[Data for analysis]
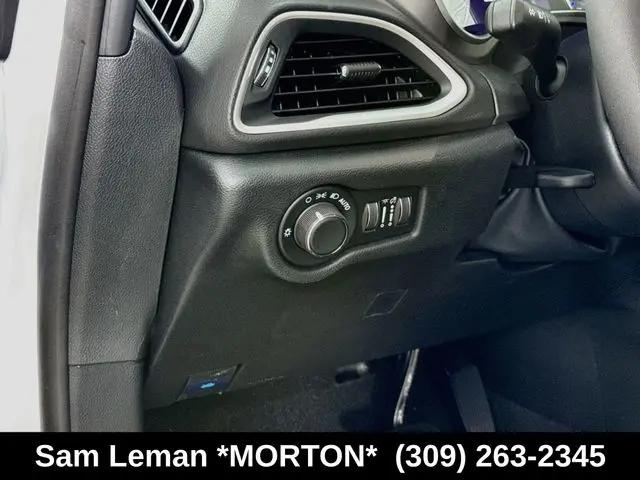 2027 Chrysler Pacifica LX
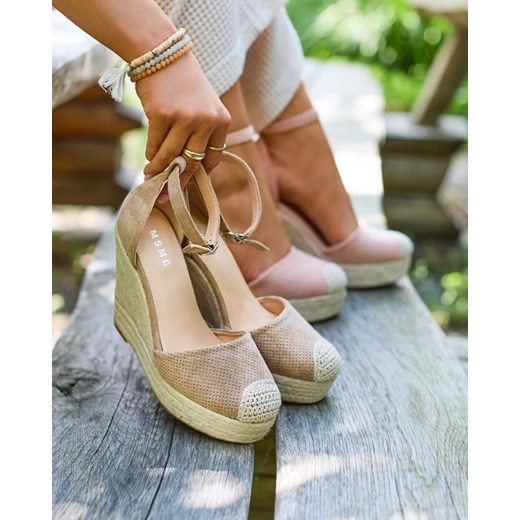 Royalfashion Brązowe damskie sandały na koturnie Meylasi ze sklepu royalfashion.pl w kategorii Espadryle damskie - zdjęcie 180250567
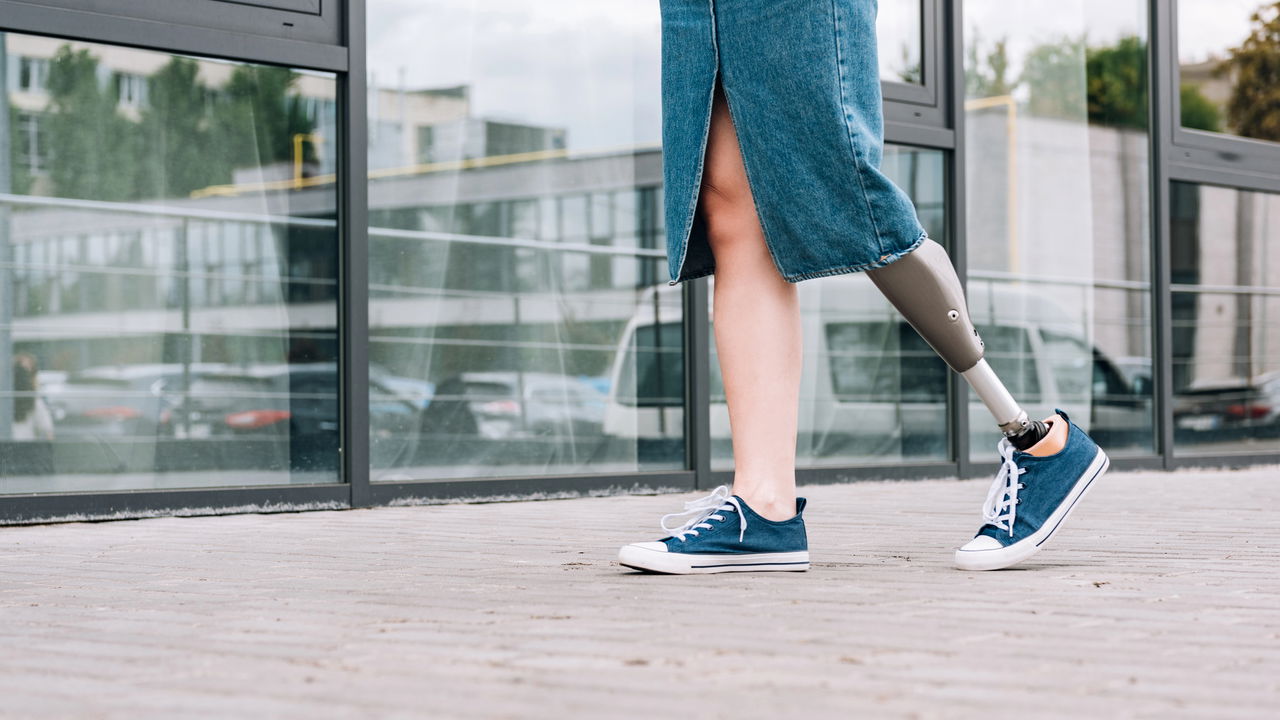 Saia jeans com fenda, como combinar e criar looks incríveis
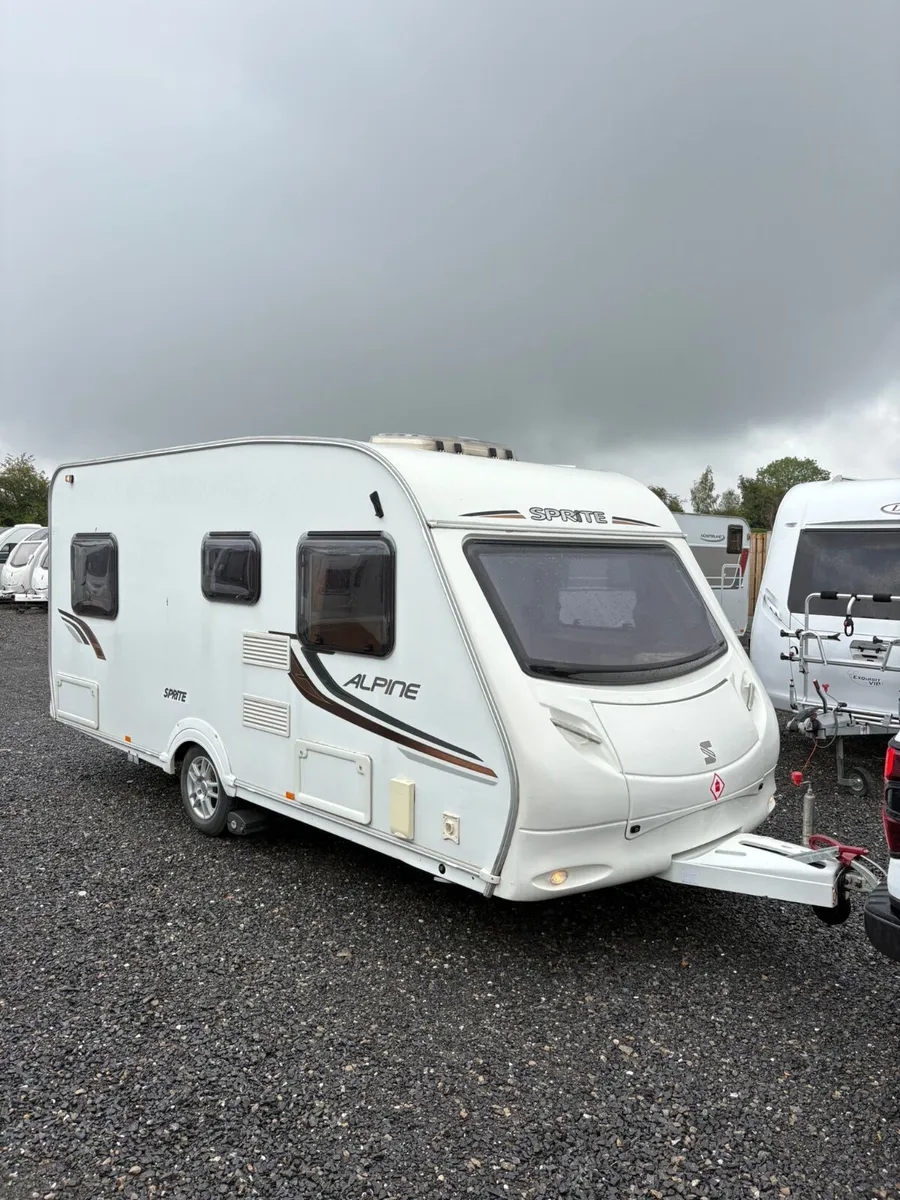 Swift Sprite alpine 4 berth caravan - Image 2
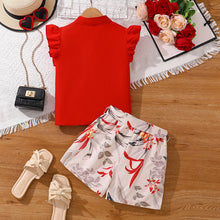 Carregar imagem no visualizador da galeria, Camisa con volados rojo y short crema con estampas y cinto
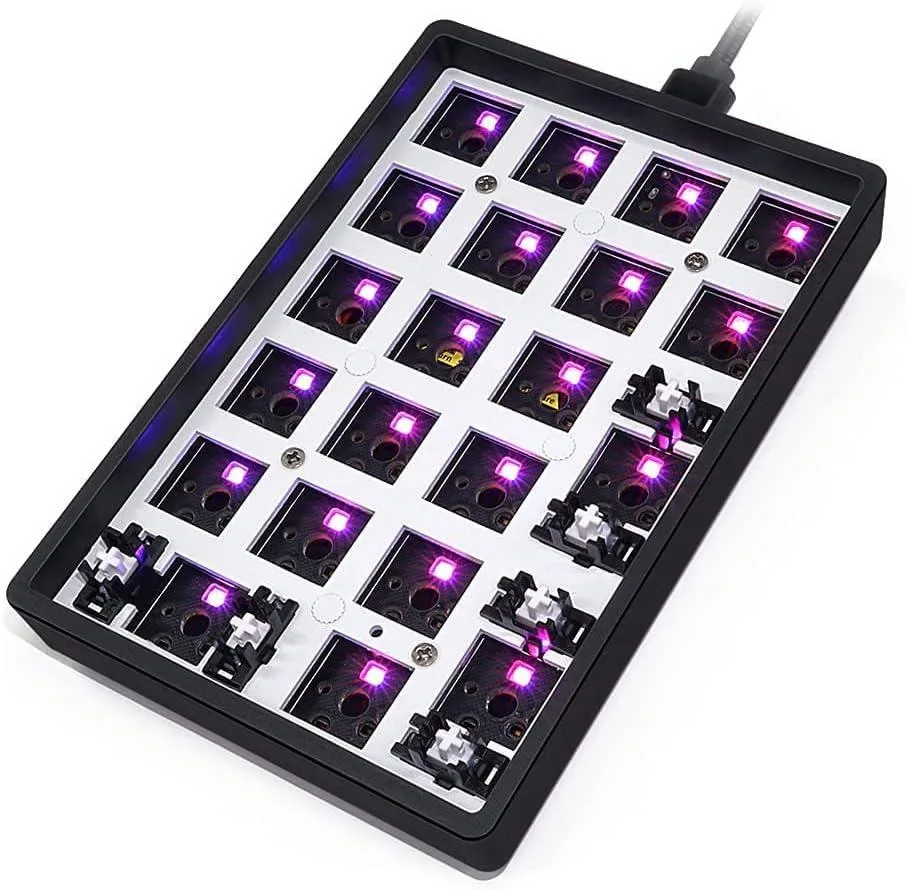 Corn Electronics Corn Electronics GK21S Hot-Swappable Mechanical Gaming Keyboard Black Switch — photo du produit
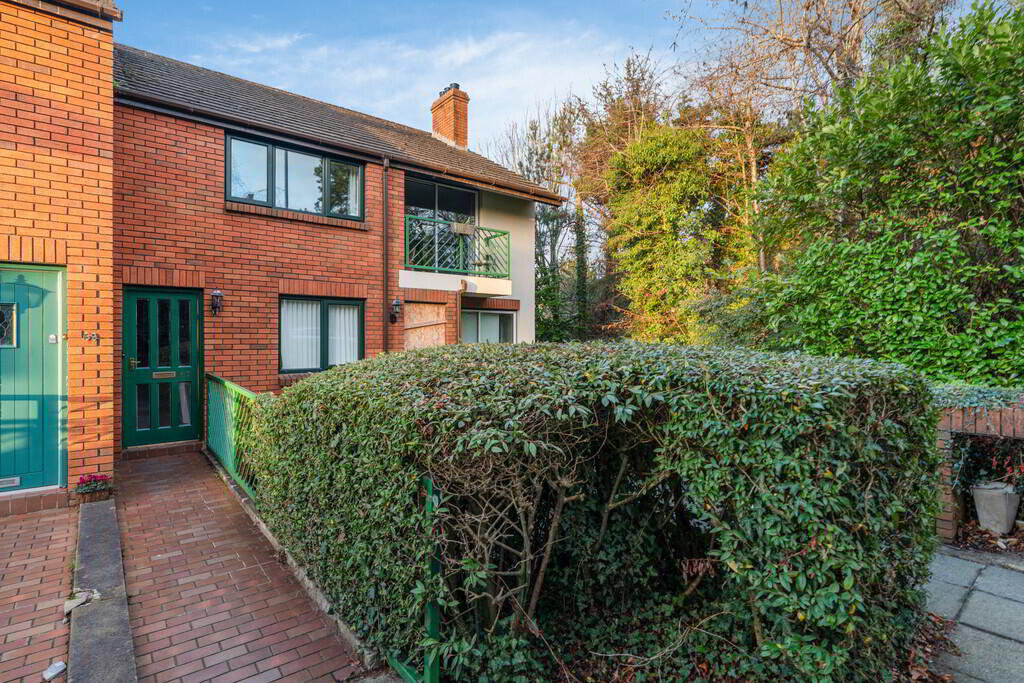 Photo 1 of 67 Upper Malone Road, Belfast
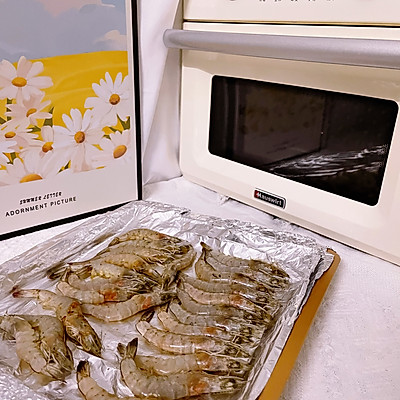 烤大虾一口一个好吃到停不下来,孜然烤大虾怎么做好吃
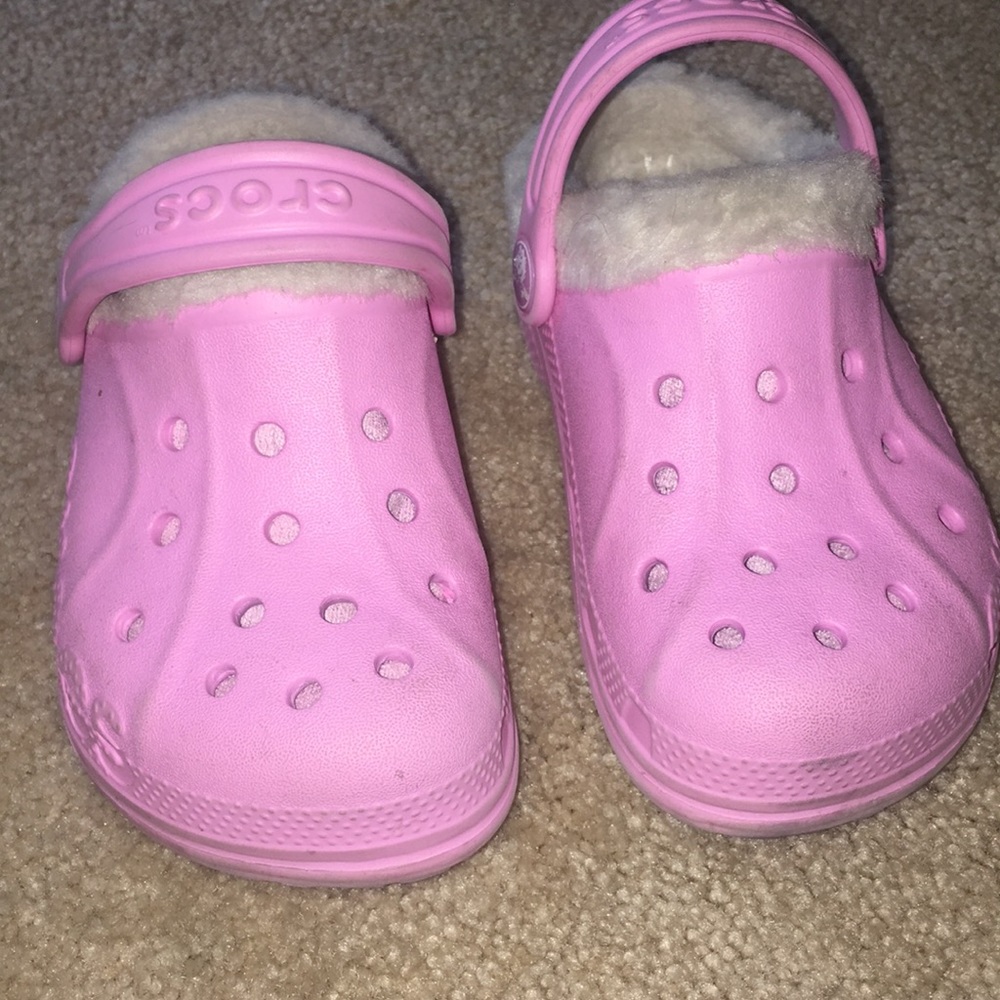 Pink faux fur crocs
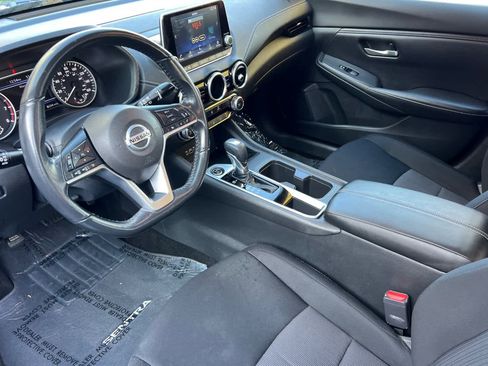 Used 2022 Nissan Sentra SV image 11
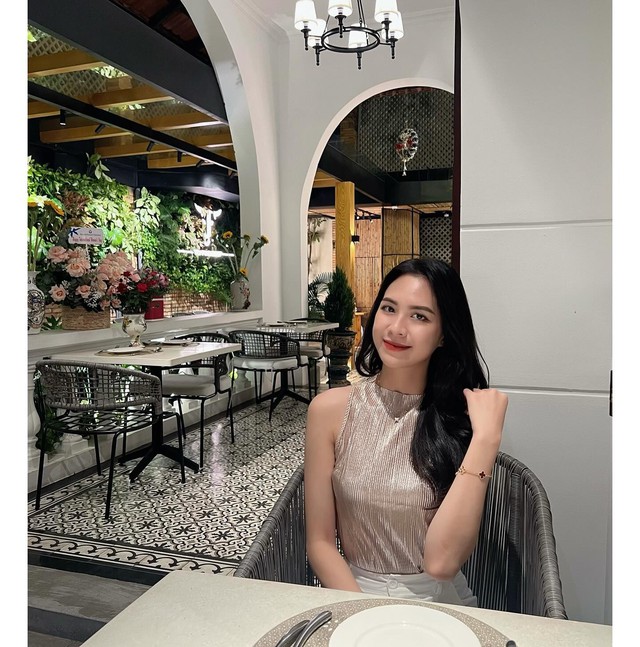 Cô gái Đắk Lắk là tiếp viên trưởng trẻ nhất hãng bay, tiết lộ thu nhập không như nhiều người nghĩ- Ảnh 3.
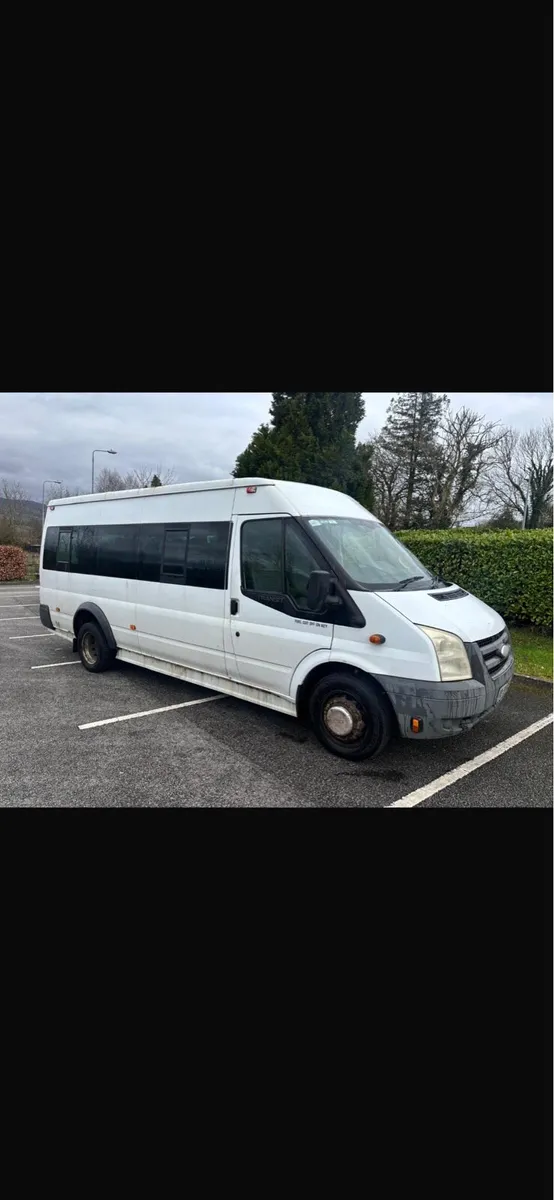 Ford transit wheelchair bus 13 seater 1 yr test - Image 2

[Work request]
Beginning at the line containing "Swift Sprite alpine", restate every line through the end of the material above exactly; omit the pictures.

[Output of the exercise]
 Swift Sprite alpine 4 berth caravan - Image 2
 Carregar imagem no visualizador da galeria, Camisa con volados rojo y short crema con estampas y cinto
 Corn Electronics Corn Electronics GK21S Hot-Swappable Mechanical Gaming Keyboard Black Switch — photo du produit
 Photo 1 of 67 Upper Malone Road, Belfast
 烤大虾一口一个好吃到停不下来,孜然烤大虾怎么做好吃
 Pink faux fur crocs
 Used 2022 Nissan Sentra SV image 11
 Cô gái Đắk Lắk là tiếp viên trưởng trẻ nhất hãng bay, tiết lộ thu nhập không như nhiều người nghĩ- Ảnh 3.
 Ford transit wheelchair bus 13 seater 1 yr test - Image 2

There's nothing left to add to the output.